• EXERCISE GOAL:
Transcribe only part of the material below: the lines from the one containing "Enjoy a Cocktail" through the one containing "Photo #4: 2463759 Listing", inclusive, exactly as written.

• DATA EXTRACT:

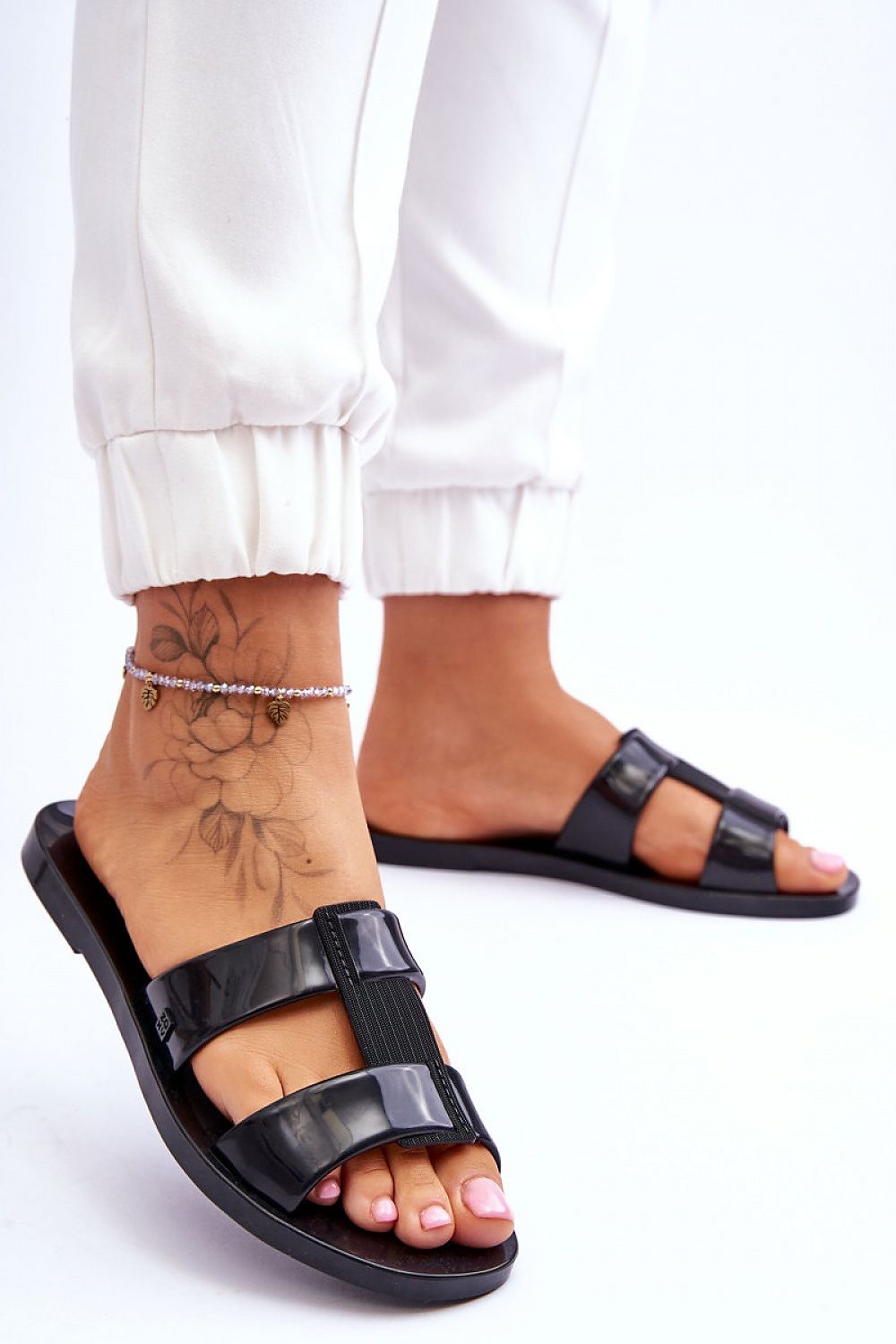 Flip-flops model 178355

==

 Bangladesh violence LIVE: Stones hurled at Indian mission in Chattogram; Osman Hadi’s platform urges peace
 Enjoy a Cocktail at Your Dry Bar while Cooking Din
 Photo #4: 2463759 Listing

• SOLUTION BELOW:
 Enjoy a Cocktail at Your Dry Bar while Cooking Din
 Photo #4: 2463759 Listing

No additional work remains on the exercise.